[gclist] using two types of garbage collectors for scheme interpreter

Ji-Yong D. Chung virtualcyber@erols.com
Fri, 20 Apr 2001 07:31:10 -0400


My basic question is:

    Would it be a good idea to use
both a copying collector and Boehm's
collector for a single Scheme interpreter?
(a general question).

    It seems that a scheme interpreter
uses (1) garbage collected heap almost like
a stack (by constantly creating
objects needed for running it), in
addition to (2) its use of the heap as a
place to create "data objects."

    This suggests that using two types of
memory allocator (and thus two types of
garbage collector) for the interpreter may improve
performance; one type of collector for
"running" the interpreter and another
type of collector for creating long-lived,
data objects (Boehm's collector).

    I just wondered what others
thought of the idea.  Perhaps the
preceding idea is not so good,
given, that Boehm's
collector collects young objects
first.

============================

    Here is some background
information.

    In setting up my baby scheme
interpreter, I have used both Boehm's
collector and a simple Cheney-type
collector, each in turn, to see how
the interpreter performs.

    Because, at the time of testing, my
interpreter did not optimize on tail-calls for creation of
closures (in addition there is no unboxing),
I was creating way too many objects.  (For a
single test run, I was creating 4 million
objects, whereas when I ran another interpreter,
it was allocating only about 400,000 objects).

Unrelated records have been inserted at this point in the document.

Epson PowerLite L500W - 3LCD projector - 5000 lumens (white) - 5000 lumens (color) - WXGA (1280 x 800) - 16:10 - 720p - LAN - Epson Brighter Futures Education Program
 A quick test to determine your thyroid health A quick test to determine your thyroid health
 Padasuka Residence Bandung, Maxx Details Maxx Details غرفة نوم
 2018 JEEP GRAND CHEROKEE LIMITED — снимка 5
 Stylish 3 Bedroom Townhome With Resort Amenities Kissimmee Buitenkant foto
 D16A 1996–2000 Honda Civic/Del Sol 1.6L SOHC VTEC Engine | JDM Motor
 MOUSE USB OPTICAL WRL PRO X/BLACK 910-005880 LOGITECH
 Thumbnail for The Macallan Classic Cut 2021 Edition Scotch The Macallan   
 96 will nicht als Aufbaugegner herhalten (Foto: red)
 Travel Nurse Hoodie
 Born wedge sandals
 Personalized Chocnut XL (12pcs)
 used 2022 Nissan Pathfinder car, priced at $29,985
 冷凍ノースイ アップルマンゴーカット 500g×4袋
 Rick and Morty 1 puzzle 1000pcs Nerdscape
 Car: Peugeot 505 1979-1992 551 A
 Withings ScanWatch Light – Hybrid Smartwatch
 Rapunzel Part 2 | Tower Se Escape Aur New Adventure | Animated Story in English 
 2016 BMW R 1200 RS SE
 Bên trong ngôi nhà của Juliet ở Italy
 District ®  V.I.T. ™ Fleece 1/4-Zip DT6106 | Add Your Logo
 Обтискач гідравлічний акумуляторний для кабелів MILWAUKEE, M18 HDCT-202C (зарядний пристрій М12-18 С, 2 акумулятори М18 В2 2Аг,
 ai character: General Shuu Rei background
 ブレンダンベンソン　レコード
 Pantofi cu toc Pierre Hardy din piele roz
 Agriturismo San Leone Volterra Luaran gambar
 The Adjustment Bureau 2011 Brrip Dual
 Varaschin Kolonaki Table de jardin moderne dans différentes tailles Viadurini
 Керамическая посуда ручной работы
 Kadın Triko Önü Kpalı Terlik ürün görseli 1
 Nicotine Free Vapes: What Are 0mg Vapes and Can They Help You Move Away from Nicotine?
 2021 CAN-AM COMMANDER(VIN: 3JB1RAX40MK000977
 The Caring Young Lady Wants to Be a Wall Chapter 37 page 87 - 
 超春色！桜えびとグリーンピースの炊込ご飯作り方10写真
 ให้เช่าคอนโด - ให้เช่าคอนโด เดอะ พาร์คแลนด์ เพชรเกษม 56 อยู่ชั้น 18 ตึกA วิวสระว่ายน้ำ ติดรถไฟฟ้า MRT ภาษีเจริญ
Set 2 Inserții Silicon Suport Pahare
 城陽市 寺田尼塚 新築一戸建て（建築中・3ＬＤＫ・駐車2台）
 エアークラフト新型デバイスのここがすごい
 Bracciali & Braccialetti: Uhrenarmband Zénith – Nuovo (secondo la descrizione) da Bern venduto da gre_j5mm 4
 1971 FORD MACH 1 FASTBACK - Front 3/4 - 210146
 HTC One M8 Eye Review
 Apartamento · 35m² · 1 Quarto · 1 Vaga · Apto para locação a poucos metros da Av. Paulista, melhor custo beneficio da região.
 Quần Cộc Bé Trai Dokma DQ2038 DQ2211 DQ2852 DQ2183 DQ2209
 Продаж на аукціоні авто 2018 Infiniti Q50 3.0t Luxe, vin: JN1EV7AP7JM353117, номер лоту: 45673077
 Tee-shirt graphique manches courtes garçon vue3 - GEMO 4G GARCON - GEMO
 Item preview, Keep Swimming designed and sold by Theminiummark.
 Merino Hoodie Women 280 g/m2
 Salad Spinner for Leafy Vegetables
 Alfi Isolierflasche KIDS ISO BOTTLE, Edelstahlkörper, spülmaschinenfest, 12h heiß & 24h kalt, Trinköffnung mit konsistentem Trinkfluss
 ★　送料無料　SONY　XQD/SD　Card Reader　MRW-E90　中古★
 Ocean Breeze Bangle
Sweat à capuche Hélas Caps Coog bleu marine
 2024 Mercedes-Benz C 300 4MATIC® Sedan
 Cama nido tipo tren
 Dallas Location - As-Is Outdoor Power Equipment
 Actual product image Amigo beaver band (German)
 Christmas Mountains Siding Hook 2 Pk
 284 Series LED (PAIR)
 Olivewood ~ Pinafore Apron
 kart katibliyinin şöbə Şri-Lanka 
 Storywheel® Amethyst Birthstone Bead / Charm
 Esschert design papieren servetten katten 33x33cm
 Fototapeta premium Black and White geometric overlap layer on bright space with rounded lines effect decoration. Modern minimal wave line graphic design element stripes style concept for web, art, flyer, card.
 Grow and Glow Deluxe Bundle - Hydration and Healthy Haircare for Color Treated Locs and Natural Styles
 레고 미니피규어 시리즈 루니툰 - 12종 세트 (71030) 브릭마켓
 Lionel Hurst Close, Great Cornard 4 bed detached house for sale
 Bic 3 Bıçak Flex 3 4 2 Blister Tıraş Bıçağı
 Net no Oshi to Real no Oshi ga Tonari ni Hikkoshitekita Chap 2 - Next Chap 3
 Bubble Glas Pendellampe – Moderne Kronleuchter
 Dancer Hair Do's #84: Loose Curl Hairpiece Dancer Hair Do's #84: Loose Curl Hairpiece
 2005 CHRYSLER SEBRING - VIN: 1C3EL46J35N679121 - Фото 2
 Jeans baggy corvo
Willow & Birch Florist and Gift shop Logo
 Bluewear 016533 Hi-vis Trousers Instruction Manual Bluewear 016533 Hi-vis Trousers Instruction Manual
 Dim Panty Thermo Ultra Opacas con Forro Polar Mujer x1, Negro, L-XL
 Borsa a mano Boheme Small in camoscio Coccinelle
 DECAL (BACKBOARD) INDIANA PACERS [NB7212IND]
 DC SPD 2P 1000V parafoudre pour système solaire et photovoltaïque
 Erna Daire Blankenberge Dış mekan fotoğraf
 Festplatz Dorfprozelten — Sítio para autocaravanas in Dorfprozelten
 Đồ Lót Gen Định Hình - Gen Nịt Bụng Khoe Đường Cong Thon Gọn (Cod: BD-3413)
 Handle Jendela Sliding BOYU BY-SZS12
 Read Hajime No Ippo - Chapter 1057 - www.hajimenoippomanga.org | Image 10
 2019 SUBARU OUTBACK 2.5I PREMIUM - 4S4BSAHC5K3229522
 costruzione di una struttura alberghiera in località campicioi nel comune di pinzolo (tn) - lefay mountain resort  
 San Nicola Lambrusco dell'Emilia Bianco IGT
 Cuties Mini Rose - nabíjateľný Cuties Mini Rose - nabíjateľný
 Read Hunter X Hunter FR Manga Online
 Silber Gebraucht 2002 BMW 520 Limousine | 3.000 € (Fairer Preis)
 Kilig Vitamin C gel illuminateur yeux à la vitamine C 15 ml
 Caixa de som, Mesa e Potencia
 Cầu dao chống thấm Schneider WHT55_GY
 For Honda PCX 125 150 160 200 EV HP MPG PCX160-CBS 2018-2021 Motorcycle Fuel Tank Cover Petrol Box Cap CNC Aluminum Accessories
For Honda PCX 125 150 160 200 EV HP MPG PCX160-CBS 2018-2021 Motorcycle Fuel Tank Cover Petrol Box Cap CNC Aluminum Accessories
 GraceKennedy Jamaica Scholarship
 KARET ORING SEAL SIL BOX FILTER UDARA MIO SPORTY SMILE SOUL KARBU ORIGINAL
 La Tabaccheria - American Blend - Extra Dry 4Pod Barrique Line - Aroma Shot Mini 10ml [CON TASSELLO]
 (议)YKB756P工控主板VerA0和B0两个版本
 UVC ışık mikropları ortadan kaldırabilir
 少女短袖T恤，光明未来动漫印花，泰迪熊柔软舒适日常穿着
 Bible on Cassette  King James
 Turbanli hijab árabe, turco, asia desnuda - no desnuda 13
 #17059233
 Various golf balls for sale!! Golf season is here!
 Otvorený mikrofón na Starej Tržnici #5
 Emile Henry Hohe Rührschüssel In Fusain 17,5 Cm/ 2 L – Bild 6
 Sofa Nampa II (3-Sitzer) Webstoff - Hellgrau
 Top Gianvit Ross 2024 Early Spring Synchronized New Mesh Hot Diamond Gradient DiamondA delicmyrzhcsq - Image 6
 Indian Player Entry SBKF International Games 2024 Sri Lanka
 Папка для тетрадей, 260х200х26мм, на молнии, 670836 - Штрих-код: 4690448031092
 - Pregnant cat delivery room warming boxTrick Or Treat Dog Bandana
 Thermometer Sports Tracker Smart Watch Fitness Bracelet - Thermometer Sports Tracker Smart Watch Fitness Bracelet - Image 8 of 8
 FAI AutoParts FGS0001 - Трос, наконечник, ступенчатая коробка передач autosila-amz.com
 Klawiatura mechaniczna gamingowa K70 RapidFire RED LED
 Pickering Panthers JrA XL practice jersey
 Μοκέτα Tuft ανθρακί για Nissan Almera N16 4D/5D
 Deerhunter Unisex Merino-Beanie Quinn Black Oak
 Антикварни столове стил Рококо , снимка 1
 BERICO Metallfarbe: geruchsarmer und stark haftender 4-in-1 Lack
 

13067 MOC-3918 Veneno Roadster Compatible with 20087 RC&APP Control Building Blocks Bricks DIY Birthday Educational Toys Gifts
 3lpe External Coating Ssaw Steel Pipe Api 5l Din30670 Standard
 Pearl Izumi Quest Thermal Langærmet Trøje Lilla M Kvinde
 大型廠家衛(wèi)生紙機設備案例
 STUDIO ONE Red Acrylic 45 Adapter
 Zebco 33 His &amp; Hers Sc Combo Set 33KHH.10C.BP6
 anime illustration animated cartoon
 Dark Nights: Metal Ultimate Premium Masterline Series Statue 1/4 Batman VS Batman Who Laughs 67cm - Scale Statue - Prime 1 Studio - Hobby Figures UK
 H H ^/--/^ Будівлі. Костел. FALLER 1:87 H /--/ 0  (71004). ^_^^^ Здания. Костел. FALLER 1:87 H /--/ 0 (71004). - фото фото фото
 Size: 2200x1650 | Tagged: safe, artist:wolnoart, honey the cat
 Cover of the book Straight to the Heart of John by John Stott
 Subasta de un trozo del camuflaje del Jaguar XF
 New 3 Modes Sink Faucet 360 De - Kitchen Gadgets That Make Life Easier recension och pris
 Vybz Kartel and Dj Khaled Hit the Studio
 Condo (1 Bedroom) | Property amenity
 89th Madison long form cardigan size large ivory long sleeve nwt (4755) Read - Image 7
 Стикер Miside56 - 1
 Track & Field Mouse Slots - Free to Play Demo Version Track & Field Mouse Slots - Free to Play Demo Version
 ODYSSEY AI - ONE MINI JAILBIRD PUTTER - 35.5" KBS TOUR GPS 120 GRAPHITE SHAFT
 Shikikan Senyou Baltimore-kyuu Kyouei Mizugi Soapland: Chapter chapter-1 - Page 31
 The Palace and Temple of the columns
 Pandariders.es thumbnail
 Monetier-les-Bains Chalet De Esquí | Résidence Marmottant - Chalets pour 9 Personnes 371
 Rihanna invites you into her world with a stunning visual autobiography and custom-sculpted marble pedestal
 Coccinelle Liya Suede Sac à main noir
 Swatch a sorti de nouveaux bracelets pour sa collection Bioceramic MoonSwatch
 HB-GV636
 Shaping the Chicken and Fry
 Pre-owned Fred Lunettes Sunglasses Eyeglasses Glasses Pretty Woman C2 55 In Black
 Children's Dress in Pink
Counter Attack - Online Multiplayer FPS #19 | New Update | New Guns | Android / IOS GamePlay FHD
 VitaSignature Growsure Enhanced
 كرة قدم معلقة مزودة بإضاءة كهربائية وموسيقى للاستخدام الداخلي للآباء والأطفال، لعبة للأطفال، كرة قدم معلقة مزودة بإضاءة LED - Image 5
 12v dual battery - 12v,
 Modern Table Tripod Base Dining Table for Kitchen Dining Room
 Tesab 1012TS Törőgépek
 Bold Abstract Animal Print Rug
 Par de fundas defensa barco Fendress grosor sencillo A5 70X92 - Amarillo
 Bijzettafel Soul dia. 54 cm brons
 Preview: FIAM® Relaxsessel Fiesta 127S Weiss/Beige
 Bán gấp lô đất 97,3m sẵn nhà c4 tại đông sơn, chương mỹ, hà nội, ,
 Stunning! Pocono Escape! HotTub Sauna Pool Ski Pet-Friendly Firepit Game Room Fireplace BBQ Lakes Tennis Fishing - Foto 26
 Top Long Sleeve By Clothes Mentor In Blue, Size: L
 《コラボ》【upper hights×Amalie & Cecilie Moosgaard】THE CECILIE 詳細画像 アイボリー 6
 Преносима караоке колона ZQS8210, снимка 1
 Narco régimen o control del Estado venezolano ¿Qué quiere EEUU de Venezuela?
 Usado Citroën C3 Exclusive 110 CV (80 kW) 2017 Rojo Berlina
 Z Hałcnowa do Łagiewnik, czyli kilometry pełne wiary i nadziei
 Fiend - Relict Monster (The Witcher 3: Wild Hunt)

    The result of all this object creation was that
the garbage collectors' memory allocators
(either with Cheney style collector or
Boehm's collector) were pushed to the limit.
Rephrased, the interpreters spent great
deal of its time allocating and deallocating.

    Cheney's collector spent at best 4 instruction
per memory allocation.  Boehm's collector, from
what I gather, spent about 20 instructions
in its shortest pathlength, to allocate an object.

    Because the interpreter was almost exclusively
creating objects that were immediately garbage
collected, Cheney's collector would be
faster in allocation and garbage collection.

    In other words, short-lived memory
allocation and deallocation, needed for running
the scheme interpreter, (i.e., to pass certain types
of variable values, for creating short lived closures whose
lifespan could not be determined at "compile"
time) seems to be better served by Cheney's algorithm,
despite the fact that Boehm's collector uses generational
collection method.

    Obviously, when a scheme interpreter runs,
it has to create data objects whose lifespan is much longer
than one garbage collection cycle.  If lifespan of large objects
increase, then I can see the copying collector start having difficulty,
because of the amount  of copying it has to do.

    The preceding observations lead to the following
thought.  For running the interpreter, maybe one should
use two types of collectors.  One for just "purely running"
the interpreter itself (use Cheney's collector here) and
another one (Boehm's mark and sweep collector) for
somewhat longer lived objects.

-------------------------------------------

    Is this a good idea??